I didn’t mean bayesianism the philosophy, just bayesian methods.
Yes but it’s not an optimization algorithms. Optimization algorithms are more general than statistics. You can use an optimization algorithm to find the optimal parameters for an airplane wing or the shortest path between several cities.
Conversely bayesian inference doesn’t specify how the parameters should be optimized, just that you should somehow weigh every possibility according to it’s probability.
I am not saying that they aren’t related at all, just that it’s worth distinguishing them as qualitatively different concepts, where you seem to use them interchangeably.
I didn’t say SGD is the main limiting factor of ANNs, or that the brain using something far better. I said “the brain probably uses something even better than modern SGD ..”
Modern SGD methods—especially with auto learning rate tuning and the new normalization schemes (which btw relates directly to better variance/uncertainty models in stat inference methods) - are pretty powerful, but they still learn somewhat slowly, requiring numerous passes through the data to reach a good solution.
I don’t have time to dig deep into how the brain may use techniques better than SGD … but as a simple single example of one thing it does better: current SGD ANN training computes the same update steps for the same high cost across the entire network for every training example, even though examples vary vastly in their novelty/difficulty/utility of learning. The brain appears to be much better about managing its limited resources.
They are largely interchangeable in machine learning in the sense that you can use optimization techniques (SGD) or inference techniques (expectation propagation, expectation backpropagation, MCMC, etc) to train a model (such as an ANN).
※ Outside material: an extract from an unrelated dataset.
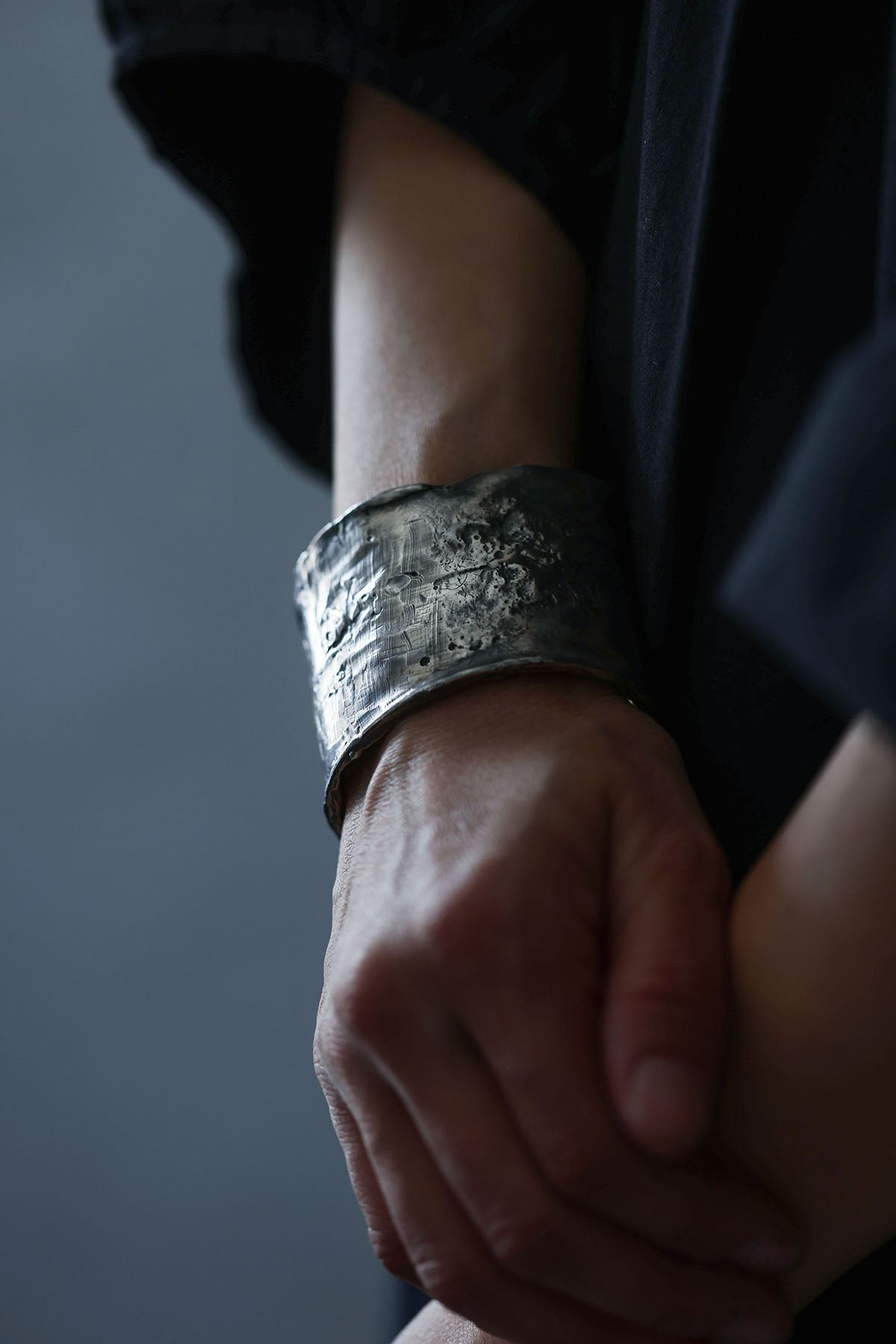 silver bangle -3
Much of the ‘wisdom’ or deep insightful knowledge in a particular field consists of learning all the structural relations and symmetries between different algorithms/techniques which enable internal mental compression of all of the raw low level knowledge: learning which techniques are generalizations, specializations, approximations, or restricted transformations of others. In the beginning, everything looks disconnected and compartmentalized, but eventually one sees how everything is connected.
General optimization can be used to implement inference, and vice versa. You can recast optimization as an inference problem: the initial settings/constraints become a prior, the utility/loss function is converted into a probability measure, learning rates relate to variance/precision, etc. See survey papers such as “Representation Learning”, or look into the use of bayesian methods in machine learning (as replacements for optimization methods) to get some perspective on how they all relate.